Which is no surprise given the broader popularity of short-form video, though it is also worth noting that Snap has discontinued funding for its Snap Originals programming, likely as a result of more interest in cheaper, user-generated content.
Instead of Originals, Snap’s instead looking to work with popular creators on new initiatives, and it did see growth on that front, with public Stories posted by Snap Stars rising 125% year-over-year in the U.S. Snap’s also looking to help creators parlay their platform popularity into brand deals, as a means to establish a more sustainable process for creator revenue share.
AR also remains a key area of opportunity for the platform, with over 350,000 creators and developers now having built almost 3.5 million AR Lenses for the app. On average, 300 million Snapchatters engage with AR every day, and if Snap can convert that into expanded business offerings, that could still play a key role in its future.
Though it’s also taken a step back on that front, with Snap shutting down its third-party AR development platform ARES late last year as part of its cost-cutting measures. Which is the challenge of its broader business struggles, in that it needs revenue to fuel development, but it needs to reduce costs to rationalize the business.
Which brings us to its latest revenue results:
As you can see, Snap brought in $1.36b in revenue for the quarter, an increase of 5% year-over-year. Which is relatively good given the broader market conditions, but not as good as the market was expecting.
A big problem for Snap, as noted, is that while it is growing, it’s struggled to expand its audience in its key revenue markets, with usage in North America and EU remaining relatively flat. Which is a big concern when you look at these charts:
Snap’s average revenue per user is not only way lower in the “Rest of the World” category, where virtually all of its growth is coming from, but it’s also declined over the last year. So again, while it is expanding its audience, which should present future opportunities, its current market potential isn’t growing, which reflects poor capitalization on that growth.
That could suggest flaws in Snap’s evolving business plan. And as reported by CNBC, today’s report also marks six consecutive quarters of single-digit growth or decline at the app.

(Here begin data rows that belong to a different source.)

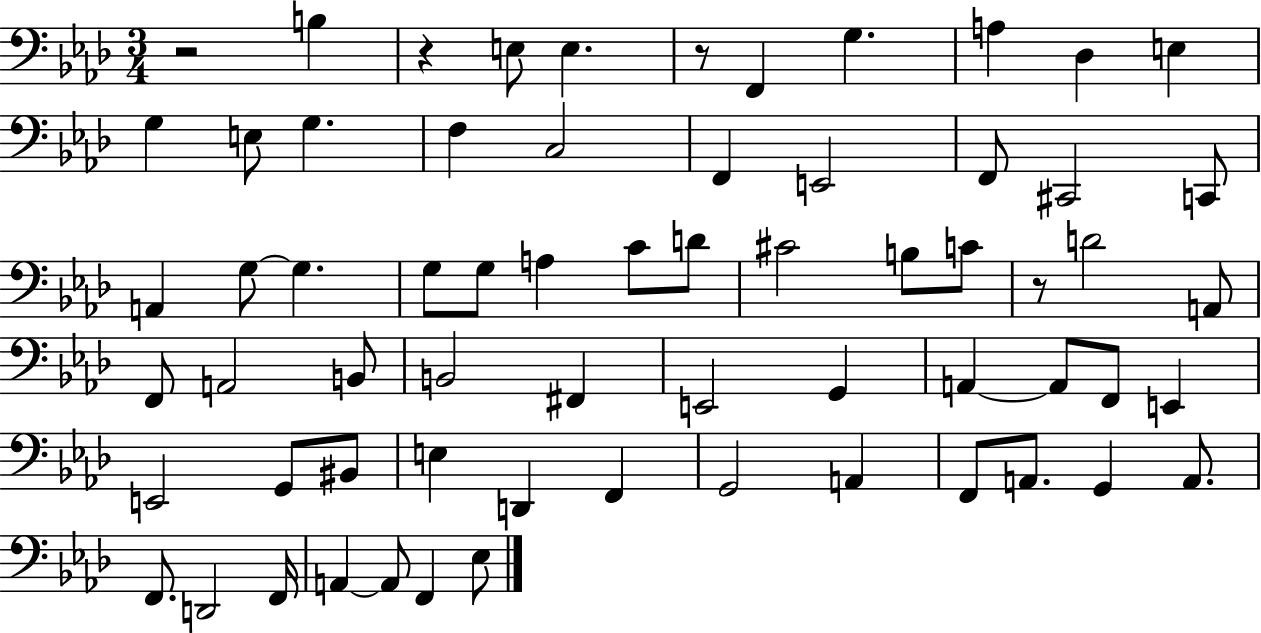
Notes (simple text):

R/h B3/q R/q E3/e E3/q. R/e F2/q G3/q. A3/q Db3/q E3/q G3/q E3/e G3/q. F3/q C3/h F2/q E2/h F2/e C#2/h C2/e A2/q G3/e G3/q. G3/e G3/e A3/q C4/e D4/e C#4/h B3/e C4/e R/e D4/h A2/e F2/e A2/h B2/e B2/h F#2/q E2/h G2/q A2/q A2/e F2/e E2/q E2/h G2/e BIS2/e E3/q D2/q F2/q G2/h A2/q F2/e A2/e. G2/q A2/e. F2/e. D2/h F2/s A2/q A2/e F2/q Eb3/e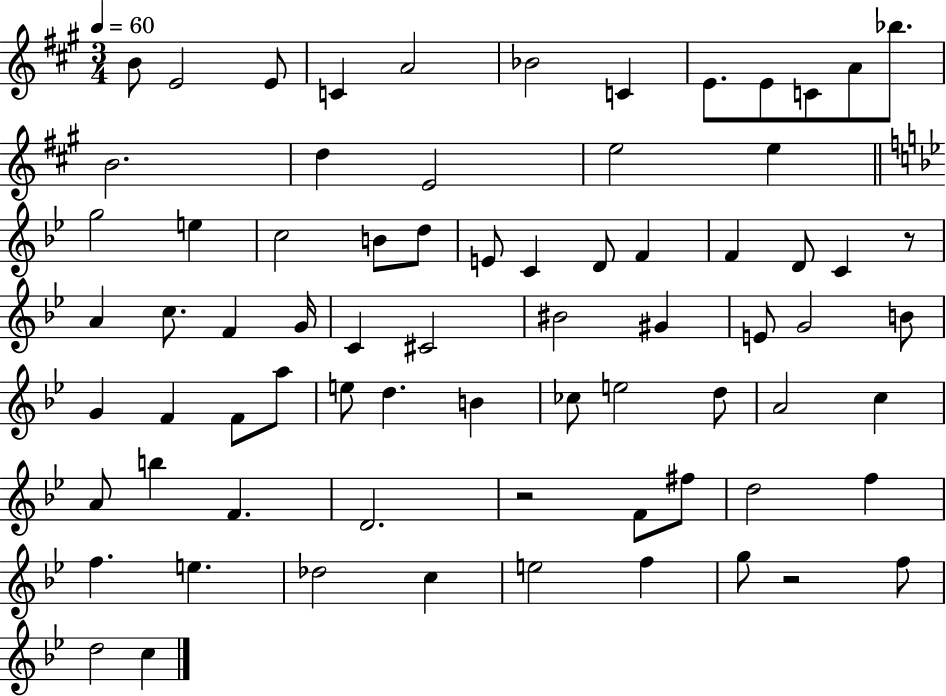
X:1
T:Untitled
M:3/4
L:1/4
K:A
B/2 E2 E/2 C A2 _B2 C E/2 E/2 C/2 A/2 _b/2 B2 d E2 e2 e g2 e c2 B/2 d/2 E/2 C D/2 F F D/2 C z/2 A c/2 F G/4 C ^C2 ^B2 ^G E/2 G2 B/2 G F F/2 a/2 e/2 d B _c/2 e2 d/2 A2 c A/2 b F D2 z2 F/2 ^f/2 d2 f f e _d2 c e2 f g/2 z2 f/2 d2 c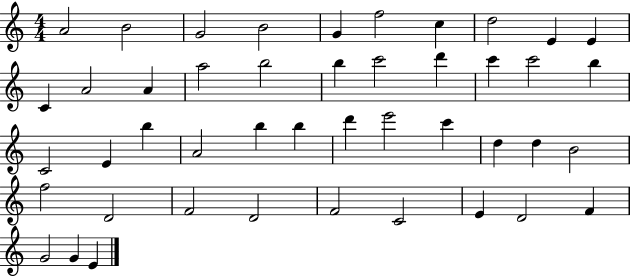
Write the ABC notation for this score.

X:1
T:Untitled
M:4/4
L:1/4
K:C
A2 B2 G2 B2 G f2 c d2 E E C A2 A a2 b2 b c'2 d' c' c'2 b C2 E b A2 b b d' e'2 c' d d B2 f2 D2 F2 D2 F2 C2 E D2 F G2 G E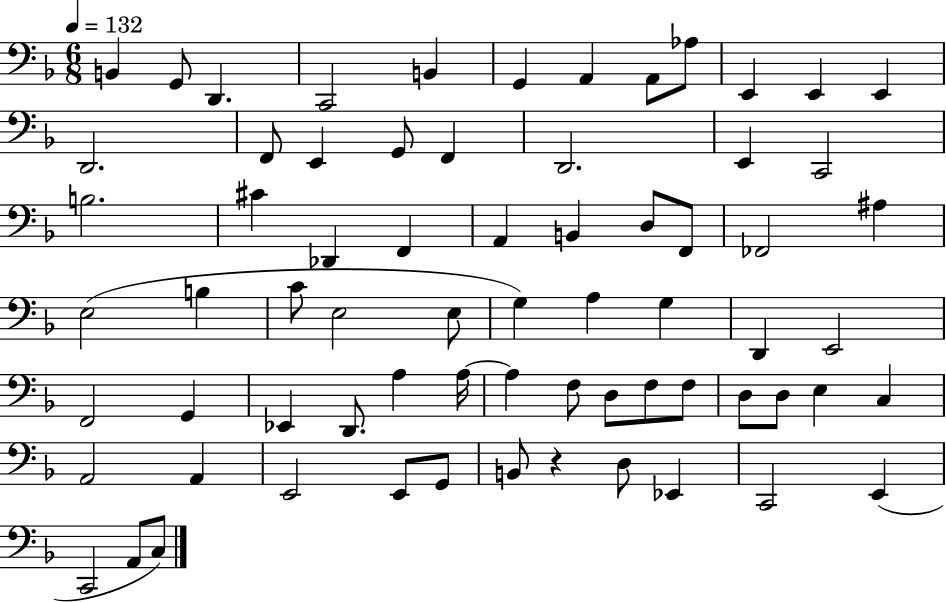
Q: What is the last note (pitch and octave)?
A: C3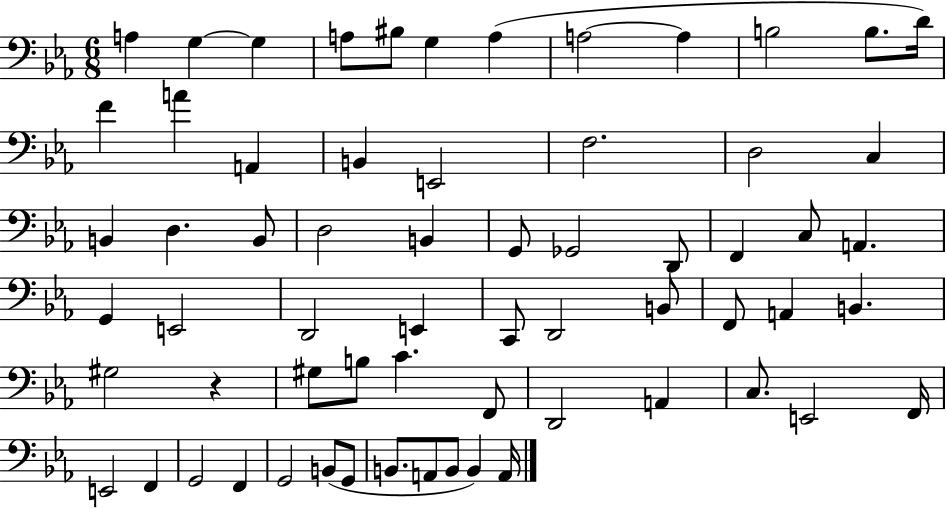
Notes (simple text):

A3/q G3/q G3/q A3/e BIS3/e G3/q A3/q A3/h A3/q B3/h B3/e. D4/s F4/q A4/q A2/q B2/q E2/h F3/h. D3/h C3/q B2/q D3/q. B2/e D3/h B2/q G2/e Gb2/h D2/e F2/q C3/e A2/q. G2/q E2/h D2/h E2/q C2/e D2/h B2/e F2/e A2/q B2/q. G#3/h R/q G#3/e B3/e C4/q. F2/e D2/h A2/q C3/e. E2/h F2/s E2/h F2/q G2/h F2/q G2/h B2/e G2/e B2/e. A2/e B2/e B2/q A2/s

Snap does have potential, and at 414 million active users, and growing, there should be more value there. But another challenge for the app is that it’s still not ageing up with its audience, and not resonating beyond its core demographic.
As you can see in this chart, nobody over 30 is active on Snap, with the app seeing the second lowest combined overall usage among older audiences of the major social apps (only just beating out Reddit). Snap has been trying to improve on this, but thus far, it remains a niche audience platform. Which is also its key strength in many respects, and something that it has used in its ad partner pitch in the past. But it does also limit its business potential, as fewer brands are looking to reach this market.

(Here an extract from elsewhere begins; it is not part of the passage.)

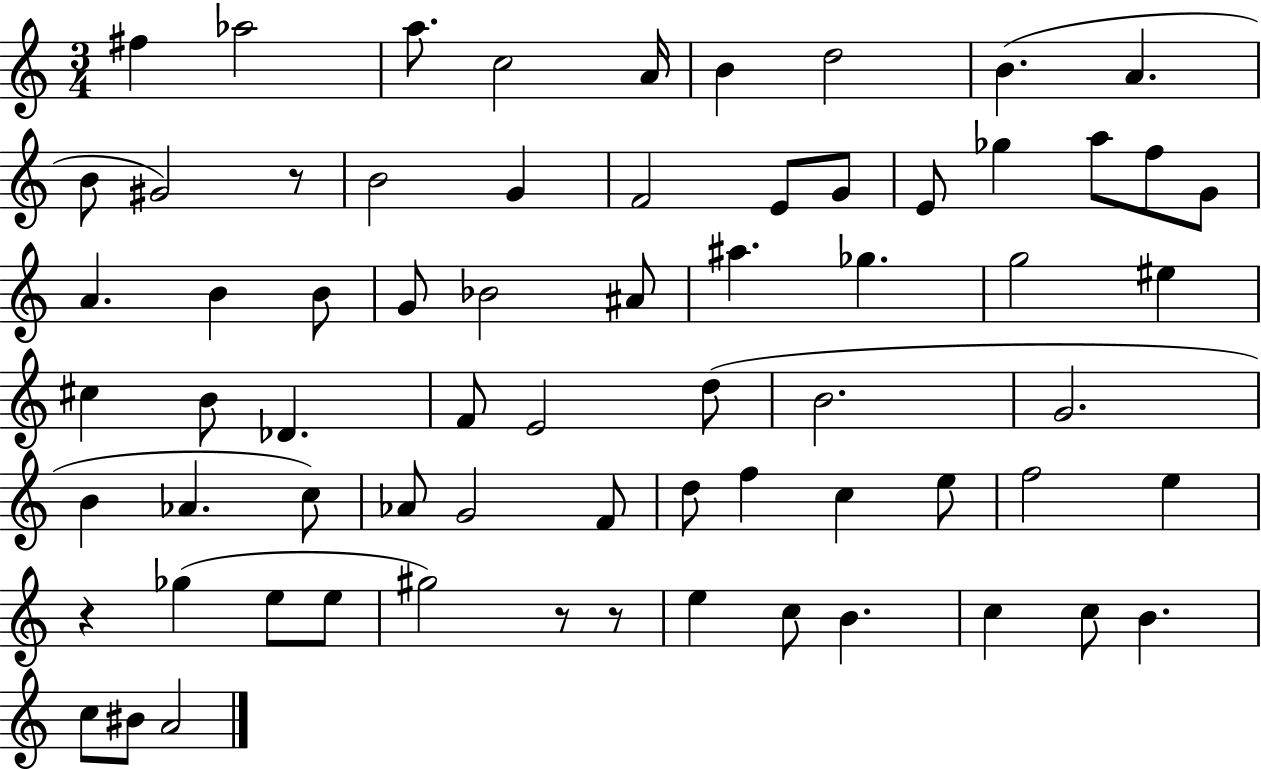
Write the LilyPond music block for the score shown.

And with its AR ambitions seemingly also taking a hit due to lay-offs and other cost-cutting measures, it does seem like Snap’s opportunities are limited, and will remain that way for some time.
At one stage, it looked like Snap would be the leader of the AR race, with its Spectacles glasses set for an AR upgrade in future. But now, Apple and Meta are shifting into gear with their AR offerings, and with far larger resource pools for respective development, it’s hard to see Snap getting back into this race.
Maybe it can. Spiegel has also said that its AR ambitions remain a key focus, despite its cost cutting, though Spiegel has also criticized the broader metaverse push from Meta, which it sees as the next stage of digital connectivity.
So again, there are many contradictions within Snap, and for every positive, there’s also a note of potential negative as well, maintaining its less-than-ideal market balance.
Is it still a good future bet? For users, Snap remains a key connector, and a critical tool for teen connection in particular. But for investors, it may be less valuable, at least till it can get its revenue back on a solid track.